DATA =>
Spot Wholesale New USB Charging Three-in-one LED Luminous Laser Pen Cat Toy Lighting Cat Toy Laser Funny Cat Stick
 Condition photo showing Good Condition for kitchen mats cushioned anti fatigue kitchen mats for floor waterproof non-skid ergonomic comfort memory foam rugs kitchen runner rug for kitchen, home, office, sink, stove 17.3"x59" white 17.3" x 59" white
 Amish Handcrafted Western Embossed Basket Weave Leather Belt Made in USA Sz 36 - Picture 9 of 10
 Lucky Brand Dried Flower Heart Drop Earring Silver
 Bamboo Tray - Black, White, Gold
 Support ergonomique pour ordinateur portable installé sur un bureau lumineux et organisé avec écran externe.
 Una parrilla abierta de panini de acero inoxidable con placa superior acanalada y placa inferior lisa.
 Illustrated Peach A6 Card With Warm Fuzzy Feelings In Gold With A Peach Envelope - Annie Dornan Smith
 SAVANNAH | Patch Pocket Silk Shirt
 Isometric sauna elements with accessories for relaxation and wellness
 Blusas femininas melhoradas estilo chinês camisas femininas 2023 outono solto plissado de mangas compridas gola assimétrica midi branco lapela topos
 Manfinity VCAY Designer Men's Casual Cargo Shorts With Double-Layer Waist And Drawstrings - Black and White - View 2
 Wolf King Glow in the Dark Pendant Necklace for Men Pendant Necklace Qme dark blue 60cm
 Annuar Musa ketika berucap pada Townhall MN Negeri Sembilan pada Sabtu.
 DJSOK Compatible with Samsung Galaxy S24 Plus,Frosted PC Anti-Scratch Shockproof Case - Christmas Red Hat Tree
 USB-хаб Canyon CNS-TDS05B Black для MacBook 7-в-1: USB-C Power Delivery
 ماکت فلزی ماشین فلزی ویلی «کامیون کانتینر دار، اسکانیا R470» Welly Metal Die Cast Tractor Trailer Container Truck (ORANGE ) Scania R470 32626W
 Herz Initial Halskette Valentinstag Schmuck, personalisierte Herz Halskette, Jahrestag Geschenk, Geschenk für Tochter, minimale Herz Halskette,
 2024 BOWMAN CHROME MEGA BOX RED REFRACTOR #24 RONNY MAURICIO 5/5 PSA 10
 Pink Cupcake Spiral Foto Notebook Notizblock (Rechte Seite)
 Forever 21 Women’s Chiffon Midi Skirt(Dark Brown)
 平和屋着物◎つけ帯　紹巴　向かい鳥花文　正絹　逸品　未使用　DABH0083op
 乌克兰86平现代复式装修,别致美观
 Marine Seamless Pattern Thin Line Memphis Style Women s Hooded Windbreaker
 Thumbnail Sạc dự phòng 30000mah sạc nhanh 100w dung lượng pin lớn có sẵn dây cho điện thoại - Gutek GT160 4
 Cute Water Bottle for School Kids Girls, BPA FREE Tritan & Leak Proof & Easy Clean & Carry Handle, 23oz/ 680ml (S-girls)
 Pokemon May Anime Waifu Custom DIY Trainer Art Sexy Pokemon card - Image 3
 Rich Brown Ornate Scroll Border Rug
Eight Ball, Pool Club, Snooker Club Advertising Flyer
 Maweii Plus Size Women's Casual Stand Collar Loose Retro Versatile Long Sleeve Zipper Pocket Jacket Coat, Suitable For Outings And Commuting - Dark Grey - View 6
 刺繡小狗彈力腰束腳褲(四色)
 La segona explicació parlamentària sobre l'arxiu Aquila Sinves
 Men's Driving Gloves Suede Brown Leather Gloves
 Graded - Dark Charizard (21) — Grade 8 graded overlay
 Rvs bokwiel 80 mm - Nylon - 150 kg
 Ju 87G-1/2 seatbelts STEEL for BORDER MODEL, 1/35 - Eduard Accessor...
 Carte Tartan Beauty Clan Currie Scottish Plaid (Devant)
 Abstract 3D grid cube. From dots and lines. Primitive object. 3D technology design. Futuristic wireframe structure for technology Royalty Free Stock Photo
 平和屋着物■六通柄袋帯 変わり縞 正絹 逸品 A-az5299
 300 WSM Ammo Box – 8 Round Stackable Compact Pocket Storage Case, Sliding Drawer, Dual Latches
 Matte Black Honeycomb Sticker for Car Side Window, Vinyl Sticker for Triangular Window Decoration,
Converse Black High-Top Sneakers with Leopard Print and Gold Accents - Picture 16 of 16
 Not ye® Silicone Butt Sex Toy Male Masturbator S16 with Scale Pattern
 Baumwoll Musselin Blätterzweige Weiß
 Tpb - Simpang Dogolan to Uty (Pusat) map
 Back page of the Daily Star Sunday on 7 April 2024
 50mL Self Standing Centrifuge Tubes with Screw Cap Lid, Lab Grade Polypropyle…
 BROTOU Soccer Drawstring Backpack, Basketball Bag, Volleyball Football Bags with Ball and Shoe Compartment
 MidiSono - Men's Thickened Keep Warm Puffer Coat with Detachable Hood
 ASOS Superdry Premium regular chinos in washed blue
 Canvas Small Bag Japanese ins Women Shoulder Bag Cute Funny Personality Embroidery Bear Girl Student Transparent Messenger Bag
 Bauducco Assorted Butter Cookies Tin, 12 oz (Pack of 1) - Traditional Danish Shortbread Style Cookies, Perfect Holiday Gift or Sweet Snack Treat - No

ACTION ITEM => Exact retyping of every entry is required.

WRITTEN ANSWER =>
Spot Wholesale New USB Charging Three-in-one LED Luminous Laser Pen Cat Toy Lighting Cat Toy Laser Funny Cat Stick
 Condition photo showing Good Condition for kitchen mats cushioned anti fatigue kitchen mats for floor waterproof non-skid ergonomic comfort memory foam rugs kitchen runner rug for kitchen, home, office, sink, stove 17.3"x59" white 17.3" x 59" white
 Amish Handcrafted Western Embossed Basket Weave Leather Belt Made in USA Sz 36 - Picture 9 of 10
 Lucky Brand Dried Flower Heart Drop Earring Silver
 Bamboo Tray - Black, White, Gold
 Support ergonomique pour ordinateur portable installé sur un bureau lumineux et organisé avec écran externe.
 Una parrilla abierta de panini de acero inoxidable con placa superior acanalada y placa inferior lisa.
 Illustrated Peach A6 Card With Warm Fuzzy Feelings In Gold With A Peach Envelope - Annie Dornan Smith
 SAVANNAH | Patch Pocket Silk Shirt
 Isometric sauna elements with accessories for relaxation and wellness
 Blusas femininas melhoradas estilo chinês camisas femininas 2023 outono solto plissado de mangas compridas gola assimétrica midi branco lapela topos
 Manfinity VCAY Designer Men's Casual Cargo Shorts With Double-Layer Waist And Drawstrings - Black and White - View 2
 Wolf King Glow in the Dark Pendant Necklace for Men Pendant Necklace Qme dark blue 60cm
 Annuar Musa ketika berucap pada Townhall MN Negeri Sembilan pada Sabtu.
 DJSOK Compatible with Samsung Galaxy S24 Plus,Frosted PC Anti-Scratch Shockproof Case - Christmas Red Hat Tree
 USB-хаб Canyon CNS-TDS05B Black для MacBook 7-в-1: USB-C Power Delivery
 ماکت فلزی ماشین فلزی ویلی «کامیون کانتینر دار، اسکانیا R470» Welly Metal Die Cast Tractor Trailer Container Truck (ORANGE ) Scania R470 32626W
 Herz Initial Halskette Valentinstag Schmuck, personalisierte Herz Halskette, Jahrestag Geschenk, Geschenk für Tochter, minimale Herz Halskette,
 2024 BOWMAN CHROME MEGA BOX RED REFRACTOR #24 RONNY MAURICIO 5/5 PSA 10
 Pink Cupcake Spiral Foto Notebook Notizblock (Rechte Seite)
 Forever 21 Women’s Chiffon Midi Skirt(Dark Brown)
 平和屋着物◎つけ帯　紹巴　向かい鳥花文　正絹　逸品　未使用　DABH0083op
 乌克兰86平现代复式装修,别致美观
 Marine Seamless Pattern Thin Line Memphis Style Women s Hooded Windbreaker
 Thumbnail Sạc dự phòng 30000mah sạc nhanh 100w dung lượng pin lớn có sẵn dây cho điện thoại - Gutek GT160 4
 Cute Water Bottle for School Kids Girls, BPA FREE Tritan & Leak Proof & Easy Clean & Carry Handle, 23oz/ 680ml (S-girls)
 Pokemon May Anime Waifu Custom DIY Trainer Art Sexy Pokemon card - Image 3
 Rich Brown Ornate Scroll Border Rug
Eight Ball, Pool Club, Snooker Club Advertising Flyer
 Maweii Plus Size Women's Casual Stand Collar Loose Retro Versatile Long Sleeve Zipper Pocket Jacket Coat, Suitable For Outings And Commuting - Dark Grey - View 6
 刺繡小狗彈力腰束腳褲(四色)
 La segona explicació parlamentària sobre l'arxiu Aquila Sinves
 Men's Driving Gloves Suede Brown Leather Gloves
 Graded - Dark Charizard (21) — Grade 8 graded overlay
 Rvs bokwiel 80 mm - Nylon - 150 kg
 Ju 87G-1/2 seatbelts STEEL for BORDER MODEL, 1/35 - Eduard Accessor...
 Carte Tartan Beauty Clan Currie Scottish Plaid (Devant)
 Abstract 3D grid cube. From dots and lines. Primitive object. 3D technology design. Futuristic wireframe structure for technology Royalty Free Stock Photo
 平和屋着物■六通柄袋帯 変わり縞 正絹 逸品 A-az5299
 300 WSM Ammo Box – 8 Round Stackable Compact Pocket Storage Case, Sliding Drawer, Dual Latches
 Matte Black Honeycomb Sticker for Car Side Window, Vinyl Sticker for Triangular Window Decoration,
Converse Black High-Top Sneakers with Leopard Print and Gold Accents - Picture 16 of 16
 Not ye® Silicone Butt Sex Toy Male Masturbator S16 with Scale Pattern
 Baumwoll Musselin Blätterzweige Weiß
 Tpb - Simpang Dogolan to Uty (Pusat) map
 Back page of the Daily Star Sunday on 7 April 2024
 50mL Self Standing Centrifuge Tubes with Screw Cap Lid, Lab Grade Polypropyle…
 BROTOU Soccer Drawstring Backpack, Basketball Bag, Volleyball Football Bags with Ball and Shoe Compartment
 MidiSono - Men's Thickened Keep Warm Puffer Coat with Detachable Hood
 ASOS Superdry Premium regular chinos in washed blue
 Canvas Small Bag Japanese ins Women Shoulder Bag Cute Funny Personality Embroidery Bear Girl Student Transparent Messenger Bag
 Bauducco Assorted Butter Cookies Tin, 12 oz (Pack of 1) - Traditional Danish Shortbread Style Cookies, Perfect Holiday Gift or Sweet Snack Treat - No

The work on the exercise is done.